A few days ago, I was talking with the Peruvian scholar Alexandra Hibbett about the classic interlocutor (or ideal reader) of our academic writings. It would be some kind of anonymous male, impassive as a wall to which one speaks but who maintains a silent distance. We noticed that in this tradition in which we were educated, our writing acquired a certain rigidity that became increasingly difficult for us to cope with, since the horizon of our feminist practice moves us to another type of dialogue. We felt that another type of academic writing and other ideal readers were necessary for us. From this perspective, María Pia López's book Not One Less questions not only my situation as a Peruvian feminist living in New York, but also my academic writing practice.
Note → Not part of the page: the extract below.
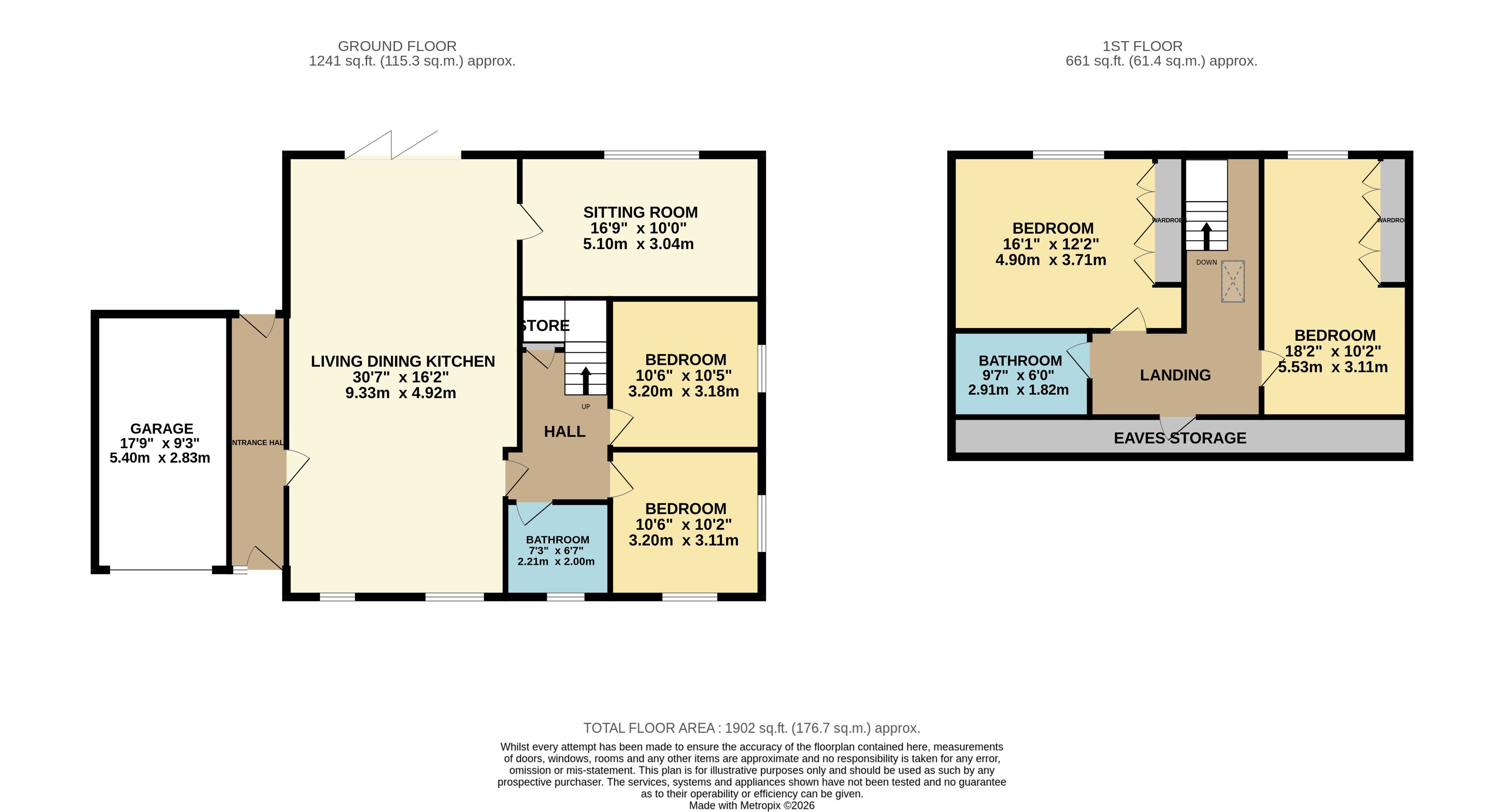 Argyle Cottage, Old Hackney Lane, Hackney, Matlock floorplan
My experience of reading Not One Less resonates with what López proposes as a different way of creating community through not only writing a chronicle of the Argentine feminist movement (especially Ni Una Menos) but also restoring the present moment and the body in her writing. As López points out, “Rejecting the notion of the mind as separate from the body, conceptual and abstract, I write from sensory experience, from the memories of humiliations and harm, the euphoria of a massive gathering, the power of the occupation of a street, the challenge of conflicting organizational practices.”1 I am especially struck by this idea of writing that comes from gathering, from a community. A sense of community is evident not only in López's creative process but also in its receptiveness to that ideal reader of our productions. A place that destabilizes the hierarchy of knowledge production and locates itself in a horizontal place of listening. A dialogue, instead of a one-way transmission. As Sara Ahmed has pointed out in Living a Feminist Life: “Feminism as a collective movement is made out of how we are moved to become feminists in dialogue with one another.”2

In this movement that takes writing from memory to experience—passing through the streets walked in protest—reflecting on the modes of influence, the multiple points of contact between the Argentinian movement and what has been happening with the situation of feminism in Peru during the last five years, is inevitable. From a Latin American perspective, it seems that Peru is the caboose of women's rights: one of the last countries of the region to recognize sexual and reproductive rights, with the road still long and difficult toward the recognition of marriage equality, of full justice for the victims of gender and sexual violence, and the right to abortion. In contrast with the contemporary situation in Peru, López highlights various Peruvian authors who have inspired feminist ideas. López refers to the work of Flora Tristán, a pioneer in the creation of workers' unions and in thinking about the links between gender and social class. This reflection on Flora Tristán helps López to point out the double neglect to which the female proletariat has been subjected, both by Marxism (which only speaks of the male one) and by feminism (which overlooks the working class).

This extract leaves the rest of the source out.